Given data START

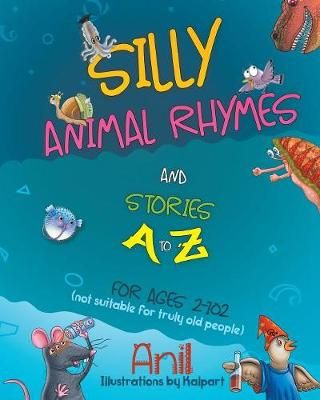 Silly Animal Rhymes and Stories A to Z By Anil 9781948260206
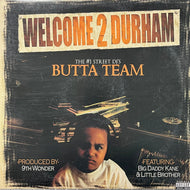 Butta Team / Welcome 2 Durham (DFN 80013, 12inch)
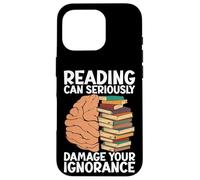 Reading can seriously damage your ignorance - Book Lovers Case for iPhone 16 Pro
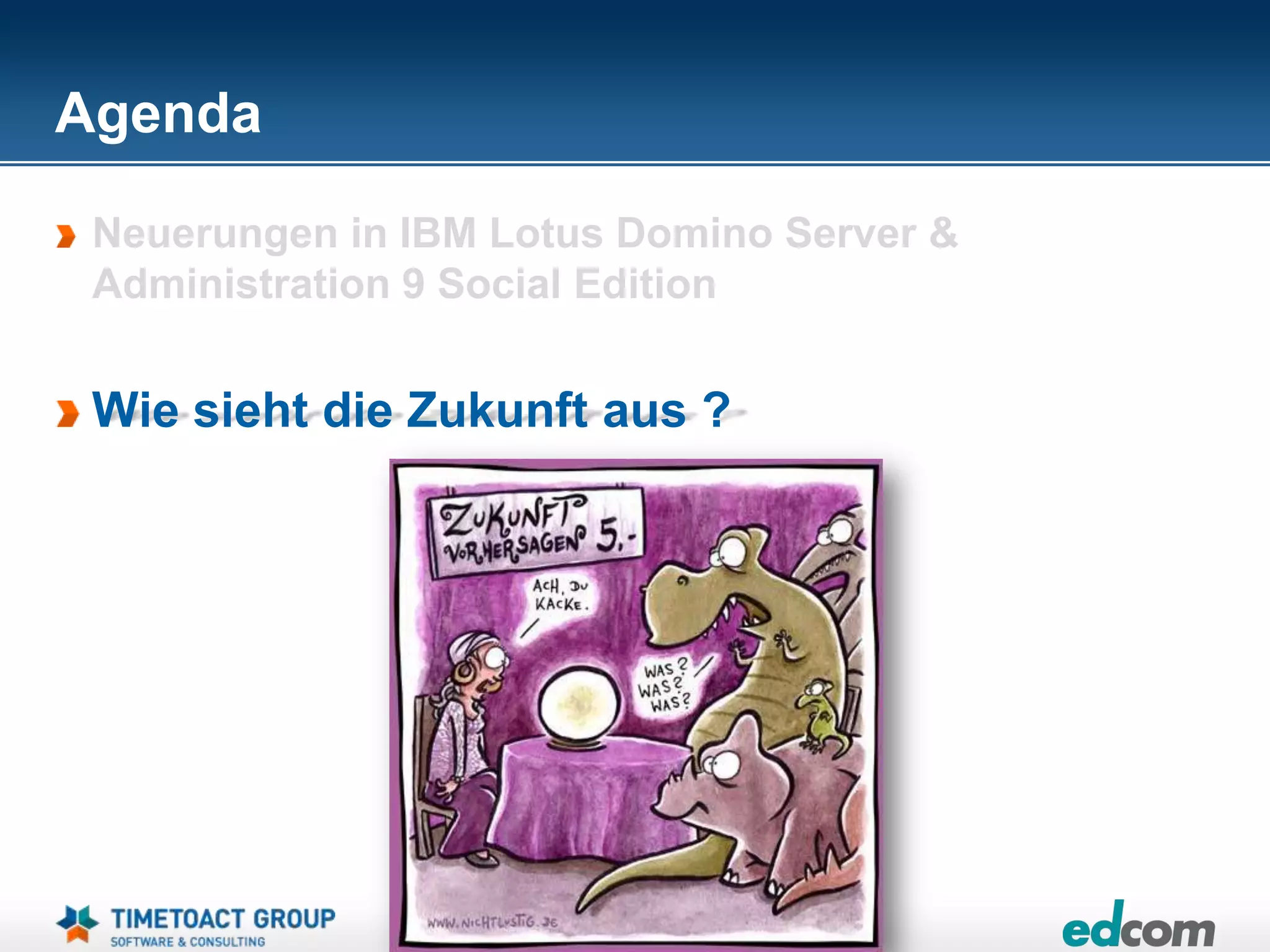 Agenda

 Neuerungen in IBM Lotus Domino Server &
 Administration 9 Social Edition


 Wie sieht die Zukunft aus ?




                       Seite 47
 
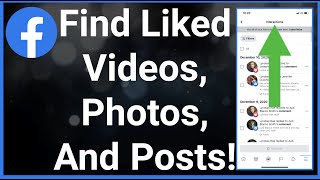 How To Find Liked Videos Photos Post On Facebook [upl. by Jacintha]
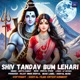 Shiv Tandav Bum Lehari feat Rajat Singh Dodiyal Single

Given data END

● **Task goal**
Print each record exactly as it stands, omitting the pictures.

● **Answer to this task**
 Silly Animal Rhymes and Stories A to Z By Anil 9781948260206
 Butta Team / Welcome 2 Durham (DFN 80013, 12inch)
 Reading can seriously damage your ignorance - Book Lovers Case for iPhone 16 Pro
 Agenda

 Neuerungen in IBM Lotus Domino Server &
 Administration 9 Social Edition


 Wie sieht die Zukunft aus ?




                       Seite 47
 
 How To Find Liked Videos Photos Post On Facebook [upl. by Jacintha]
 Shiv Tandav Bum Lehari feat Rajat Singh Dodiyal Single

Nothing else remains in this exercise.